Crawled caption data
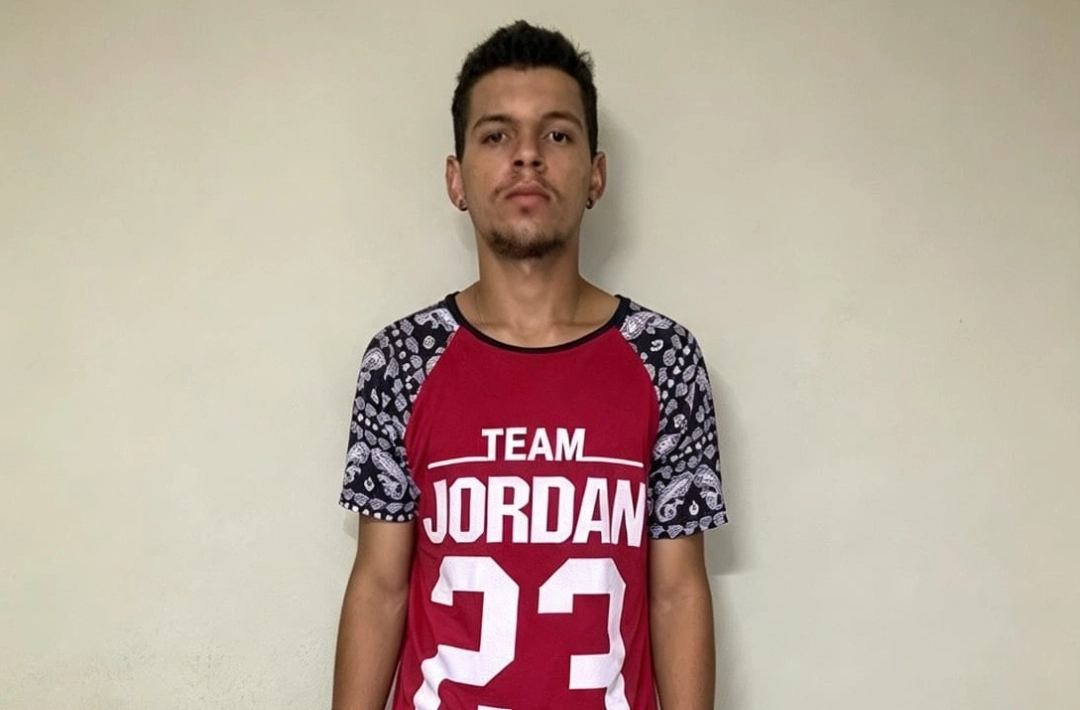 Homem é assassinado com cinco tiros dentro de casa em Oeiras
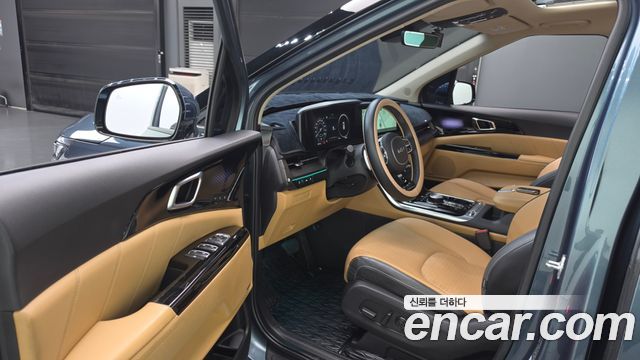 Kia Canival 2023 — photo 13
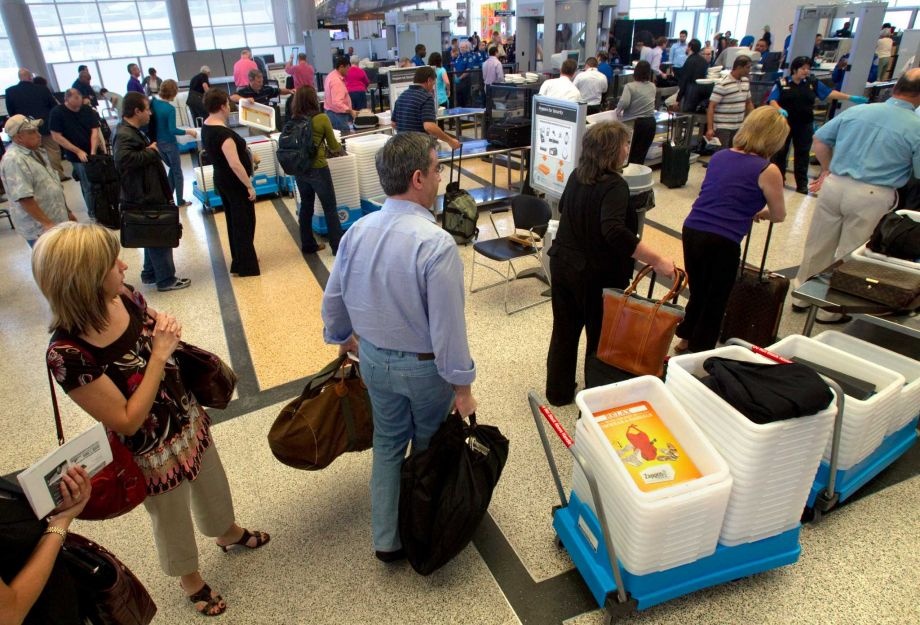 Tôn trọng những hành khách khác khi xếp hàng. Ảnh: Chron.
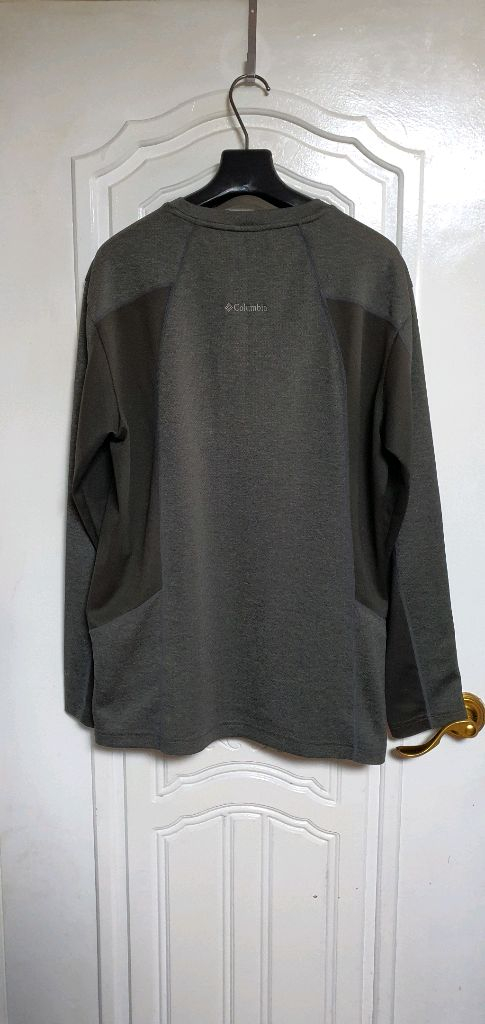 남.100) 컬럼비아 남성 등산 긴팔티 / 아웃도어 트레이닝 사무실 이미지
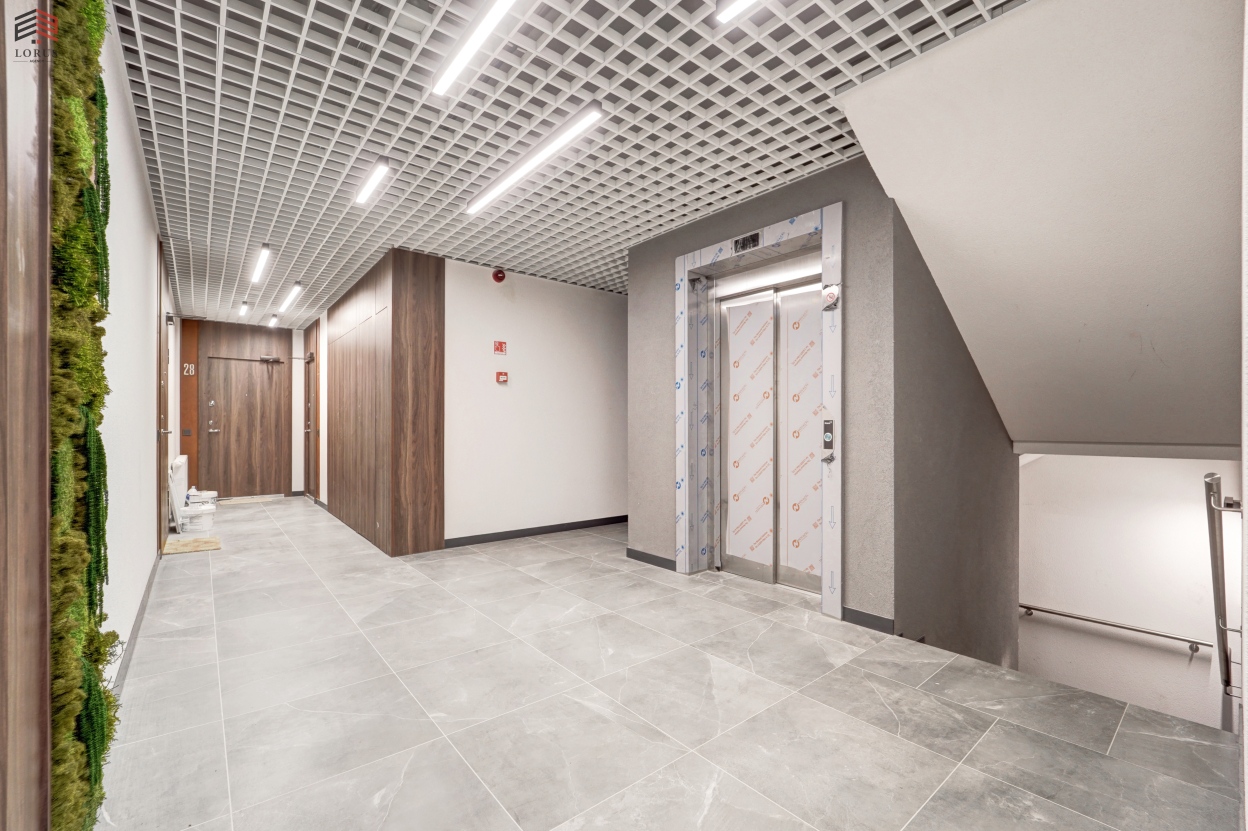 Image 16 of 17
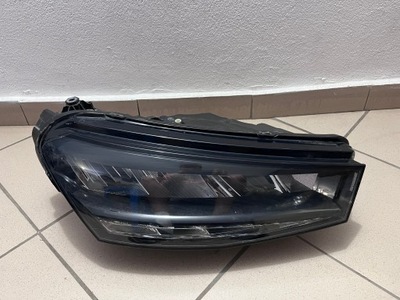 Лампа передняя перед правая skoda fabia iv 4 full led 6vb 21- фото №1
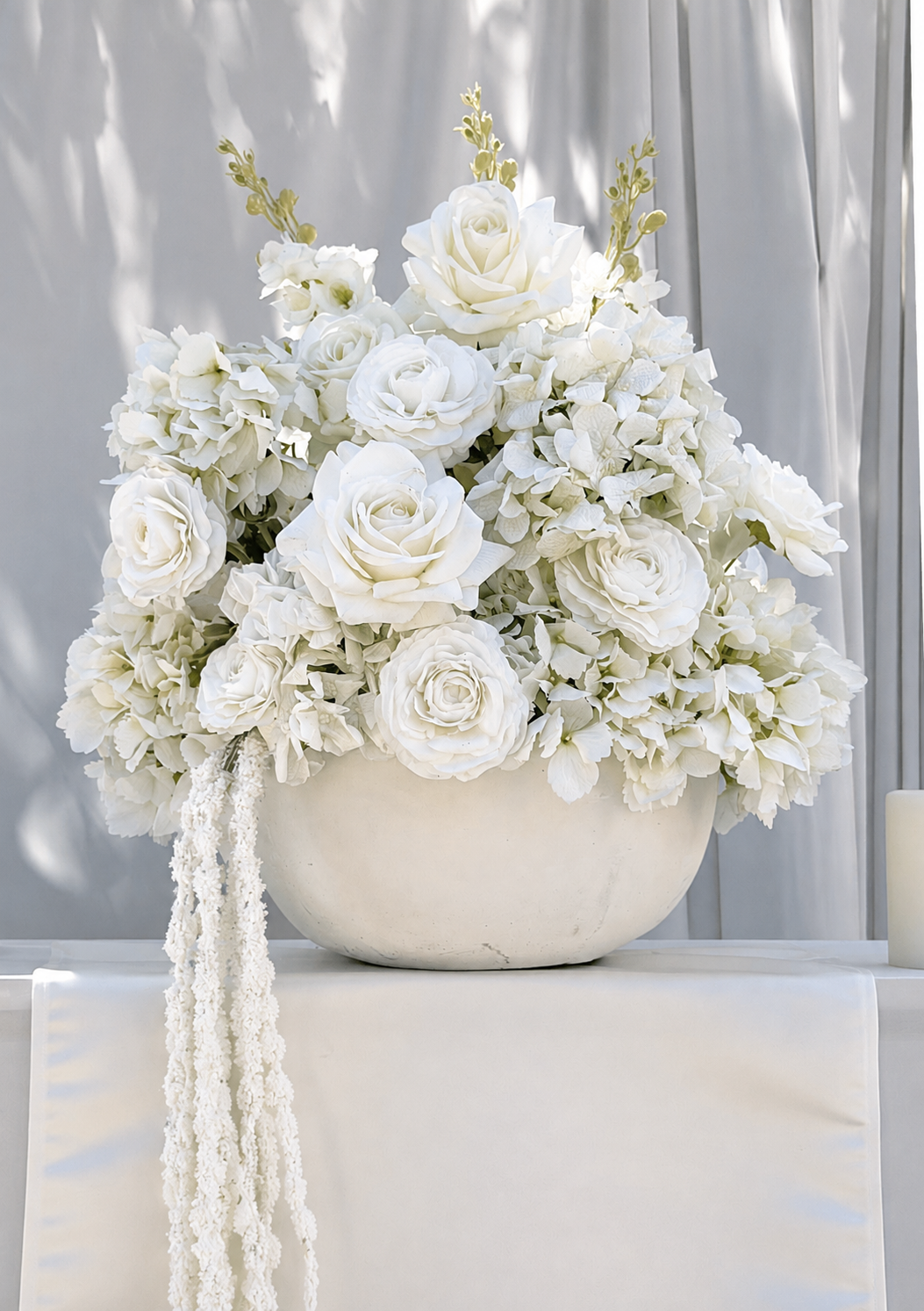 The Classic Collection XL Vase Display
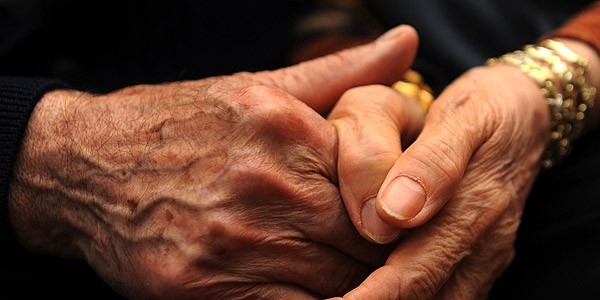 Geçen yıl 3 bin 122 kişi 70'inden sonra evlendi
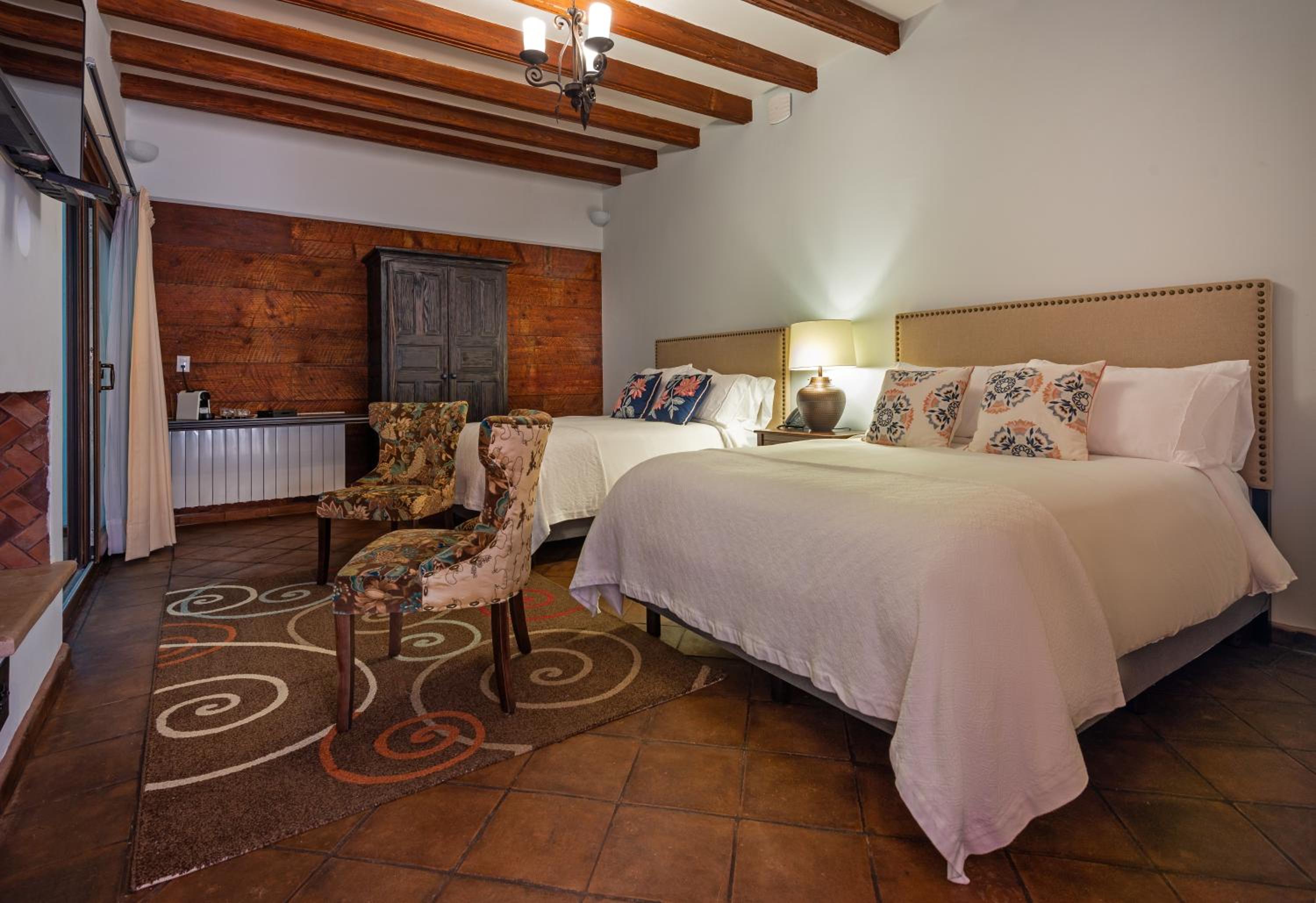 Family Suite - Photo 1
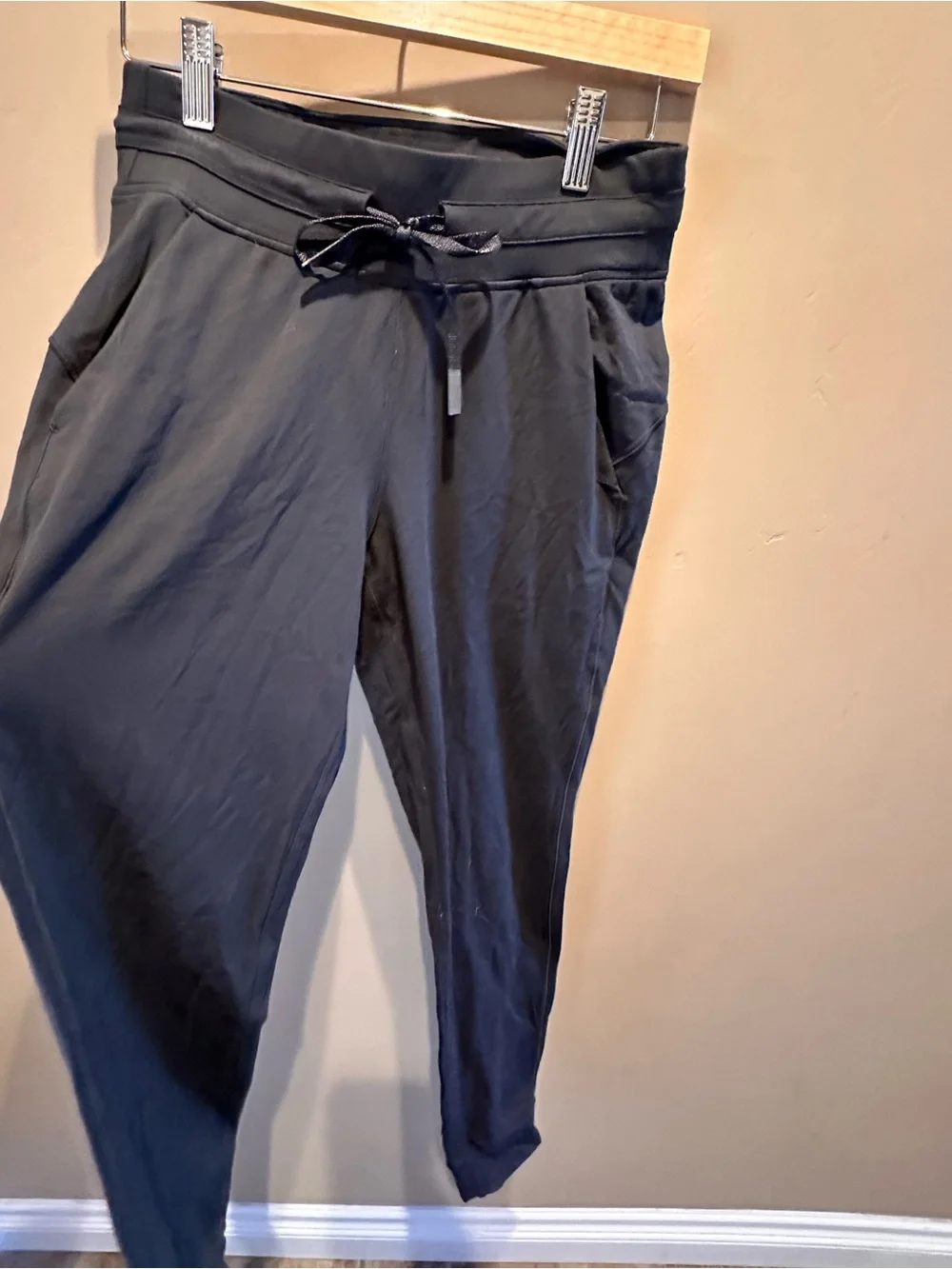 Lululemon Black Adapted State High Rise Athletic Jogger Pants Womens Size 4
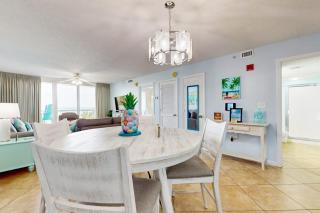 Oceanfront 3rd-floor condo with balcony W&D pool & hot tub - snowbird-friendly - 5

• **WORK TASK**
The line containing "Image 16 of 17" marks the end: copy exactly every line from the start of the records up to and including it, leaving out the pictures.

• **TASK RESPONSE**
 Homem é assassinado com cinco tiros dentro de casa em Oeiras
 Kia Canival 2023 — photo 13
 Tôn trọng những hành khách khác khi xếp hàng. Ảnh: Chron.
 남.100) 컬럼비아 남성 등산 긴팔티 / 아웃도어 트레이닝 사무실 이미지
 Image 16 of 17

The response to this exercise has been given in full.